Stuck on an issue?

Lightrun Answers was designed to reduce the constant googling that comes with debugging 3rd party libraries. It collects links to all the places you might be looking at while hunting down a tough bug.

And, if you’re still stuck at the end, we’re happy to hop on a call to see how we can help out.

BUG: read_stata ignores columns parameter and dtypes of empty dta files

See original GitHub issue

Pandas version checks

I have checked that this issue has not already been reported.
I have confirmed this bug exists on the latest version of pandas.
I have confirmed this bug exists on the main branch of pandas.

Reproducible Example

import pandas as pd

# create an empty DataFrame with int64 and float64 dtypes
df = pd.DataFrame(data={"a": range(3), "b": [1.0, 2.0, 3.0]}).head(0)

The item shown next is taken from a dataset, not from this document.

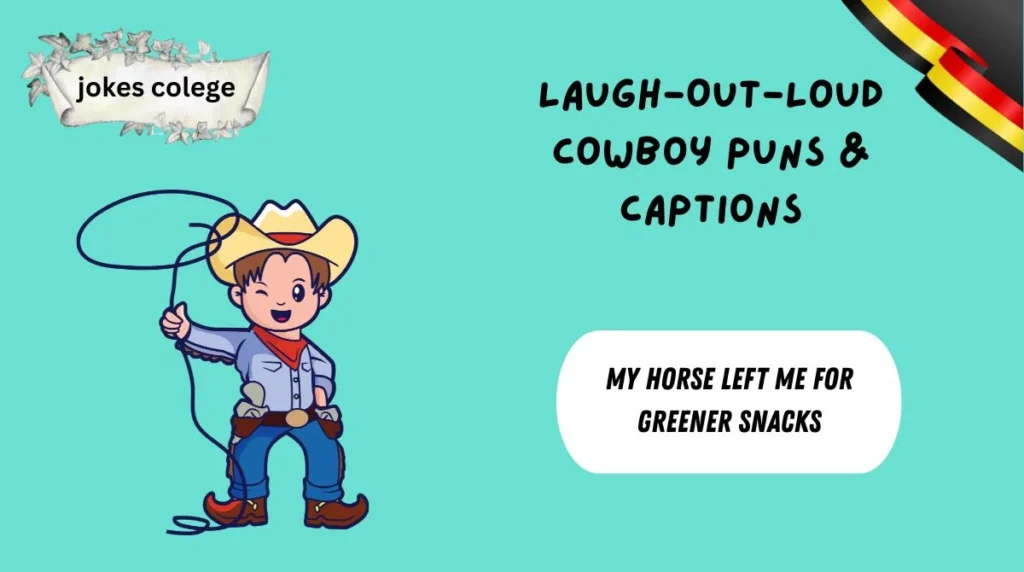 Laugh-Out-Loud Cowboy Puns & Captions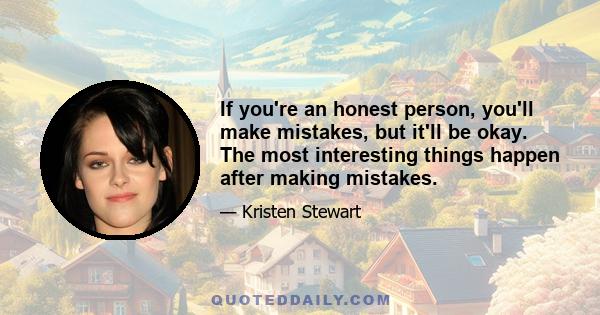 If you're an honest person, you'll make mistakes, but it'll be okay. The most interesting things happen after making mistakes.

# write to Stata .dta file
df.to_stata('empty.dta', write_index=False, version=117)

# read one column of empty .dta file
df2 = pd.read_stata('empty.dta', columns=["a"])

# show dtypes of df2
df2.dtypes

Issue Description

A stata .dta file with zero rows still has type information, but when you try to read an empty .dta file using pd.read_stata all of the columns have object dtype. It will also ignore the columns parameter and read all of the columns.

Expected Behavior

In the above example df2.dtypes should return:

In [2]: df2.dtypes
Out[2]:
a    object
b    object
dtype: object

Installed Versions

Apologies, pd.show_versions() fails for some reason. I’ve included it, but the pandas version is 1.4.1.

In [5]: pd.__version__
Out[5]: '1.4.1'

In [3]: pd.show_versions()
---------------------------------------------------------------------------
AssertionError                            Traceback (most recent call last)
Input In [3], in <module>
----> 1 pd.show_versions()

File ~/mambaforge/envs/py310/lib/python3.10/site-packages/pandas/util/_print_versions.py:109, in show_versions(as_json)
     94 """
     95 Provide useful information, important for bug reports.
     96
   (...)
    106     * If True, outputs info in JSON format to the console.
    107 """
    108 sys_info = _get_sys_info()
--> 109 deps = _get_dependency_info()
    111 if as_json:
    112     j = {"system": sys_info, "dependencies": deps}

File ~/mambaforge/envs/py310/lib/python3.10/site-packages/pandas/util/_print_versions.py:88, in _get_dependency_info()
     86 result: dict[str, JSONSerializable] = {}
     87 for modname in deps:
---> 88     mod = import_optional_dependency(modname, errors="ignore")
     89     result[modname] = get_version(mod) if mod else None
     90 return result

File ~/mambaforge/envs/py310/lib/python3.10/site-packages/pandas/compat/_optional.py:126, in import_optional_dependency(name, extra, errors, min_version)
    121 msg = (
    122     f"Missing optional dependency '{install_name}'. {extra} "
    123     f"Use pip or conda to install {install_name}."
    124 )
    125 try:
--> 126     module = importlib.import_module(name)
    127 except ImportError:
    128     if errors == "raise":

File ~/mambaforge/envs/py310/lib/python3.10/importlib/__init__.py:126, in import_module(name, package)
    124             break
    125         level += 1
--> 126 return _bootstrap._gcd_import(name[level:], package, level)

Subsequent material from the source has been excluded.